→ **Task brief**: Would you transcribe each entry that follows word for word, minus the images?

→ **Dataset records**:
**********

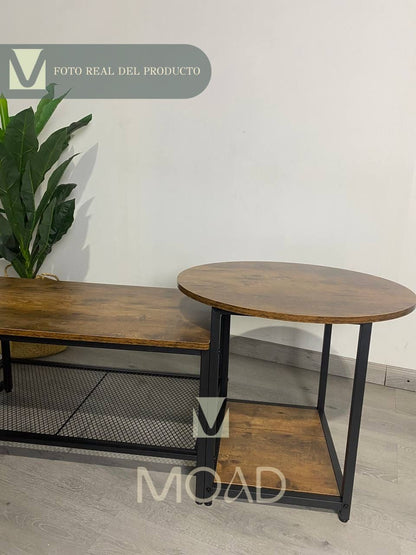 Set de Mesas de Centro Industrial en MDF - Diseño Dúo Modular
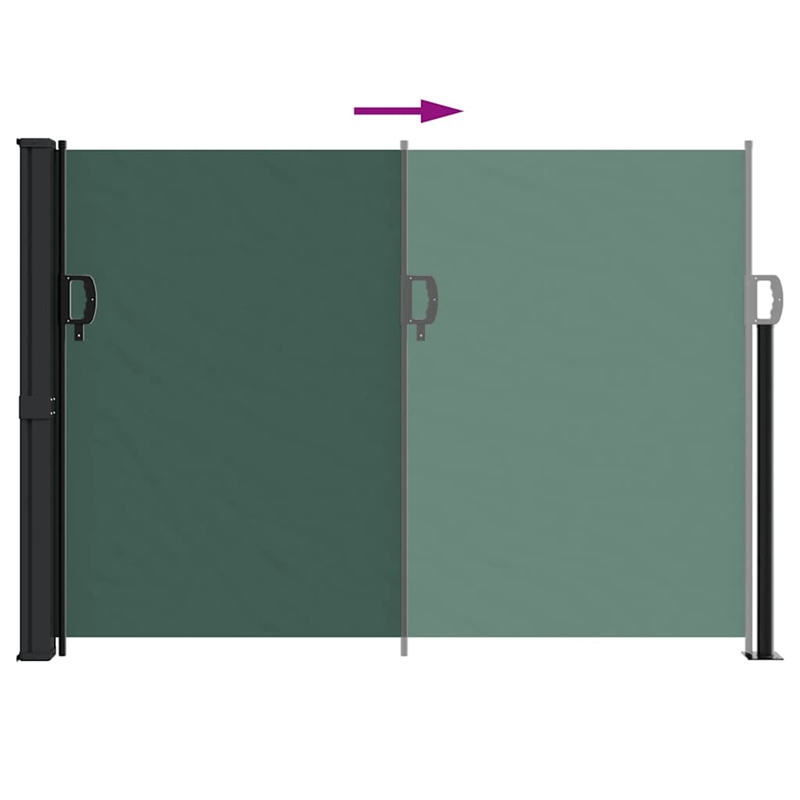 vidaXL Retractable Side Awning in Dark Green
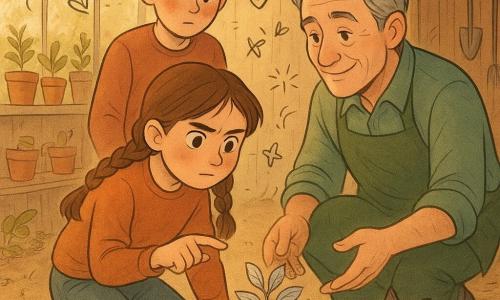 Fille de 10 ans timide mais déterminée, visage rond, tresses brunes, yeux curieux, mains terreuses, accroupie devant un petit sac de toile entrouvert contenant feuilles argentées, pointant la plante retrouvée ; garçon d’environ 13 ans (Paulin), teint clair, cheveux courts châtains, penaud, joues rouges, debout derrière elle, mains jointes, regard baissé ; homme d’environ 50 ans (M. Martin), peau ridée, cheveux gris, en blouse verte de pépiniériste, accroupi, souriant et tendant la main vers la plante ; chat gris aux yeux vifs, moustaches pleines de pollen, se frottant à la jambe de la fille près du sac ; serre en verre et vieille remise en bois attenante, pots en terre, terre fraîche renversée, outils accrochés, lumière de fin d’après-midi filtrant par des vitres poussiéreuses et longues ombres de feuilles ; scène de découverte et restitution d’une plante rare, ambiance chaleureuse et réparatrice, palette ocre/vert tendre/argent, textures visibles (terre, toile, bois, verre), style illustratif doux avec lignes nettes et petits doodles (empreintes, flèches, étoiles) soulignant l’enquête.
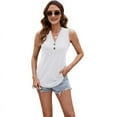thumbnail image 1 of Womens Tank Tops 2025 Loose Button Down V Neck Flowy Summer Tops Basic Beach Vacation Outfits White XL, 1 of 6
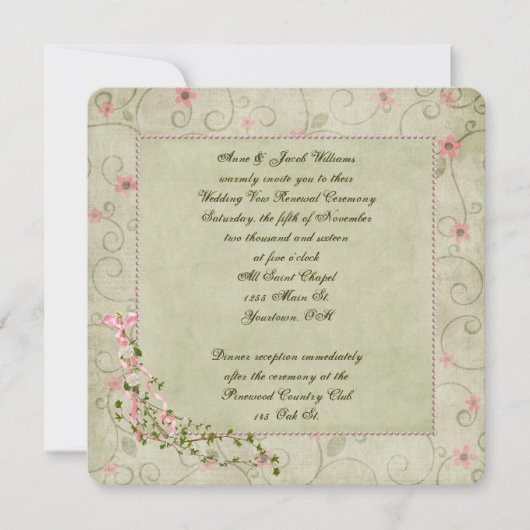 Oude bloederige Vow Renewal Kaart (Voorkant)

**********

→ **Answer space**:
 Set de Mesas de Centro Industrial en MDF - Diseño Dúo Modular
 vidaXL Retractable Side Awning in Dark Green
 Fille de 10 ans timide mais déterminée, visage rond, tresses brunes, yeux curieux, mains terreuses, accroupie devant un petit sac de toile entrouvert contenant feuilles argentées, pointant la plante retrouvée ; garçon d’environ 13 ans (Paulin), teint clair, cheveux courts châtains, penaud, joues rouges, debout derrière elle, mains jointes, regard baissé ; homme d’environ 50 ans (M. Martin), peau ridée, cheveux gris, en blouse verte de pépiniériste, accroupi, souriant et tendant la main vers la plante ; chat gris aux yeux vifs, moustaches pleines de pollen, se frottant à la jambe de la fille près du sac ; serre en verre et vieille remise en bois attenante, pots en terre, terre fraîche renversée, outils accrochés, lumière de fin d’après-midi filtrant par des vitres poussiéreuses et longues ombres de feuilles ; scène de découverte et restitution d’une plante rare, ambiance chaleureuse et réparatrice, palette ocre/vert tendre/argent, textures visibles (terre, toile, bois, verre), style illustratif doux avec lignes nettes et petits doodles (empreintes, flèches, étoiles) soulignant l’enquête.
thumbnail image 1 of Womens Tank Tops 2025 Loose Button Down V Neck Flowy Summer Tops Basic Beach Vacation Outfits White XL, 1 of 6
 Oude bloederige Vow Renewal Kaart (Voorkant)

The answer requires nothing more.